Before you do anything, make sure your tan is complete. You want to be as dark as you're going to get. This will make your foundation selection process much easier. Generally, it is recommended that you choose a foundation that is about one shade lighter than your body. If you choose a foundation that matches your tan, your face will disappear on stage and people will see two whites and a set of teeth. Conversely, do not choose a foundation that is too light because your face will look like Casper floating above your body. (I made this mistake!) Do not use ProTan on your face! Acetone and alcohol will do a number on your skin. If you want, apply a self tanner that is appropriate for faces, although this is not necessary. I will give more specific foundation recommendations.

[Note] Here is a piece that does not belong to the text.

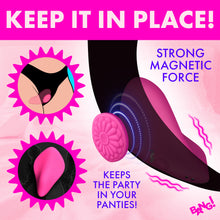 Load image into Gallery viewer, Silicone Panty Vibe with Digital Remote-2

If you are using Pro-Tan Competition color, the best match I have found is Dermablend's Reddish Tan compact Cover Creme. It has amazing coverage and is slightly lighter than the Pro-Tan. This stuff will cover any blemish or imperfection. I would recommend applying it with a cosmetic sponge and blending it with clean finger tips as needed. If you are not using Pro-Tan, my number one recommendation is to go to your nearest MAC counter and have your foundation matched. These gals and guys are excellent at making a match. I have found the best MAC foundation to be the Studio Stick. It is easy to apply, can take a beating and has excellent coverage. Make sure you have adequate lighting and have someone else take a look at your application in case you have any streaks. One important point: Although it may look extremely dark up close, stage lights will wash out even the darkest daytime face.
It is important to set these spots with a little loose translucent powder. Don't slap it on there or you will end up with powder spots. Lightly swish your powder brush into the powder, gently tap off the excess and then apply.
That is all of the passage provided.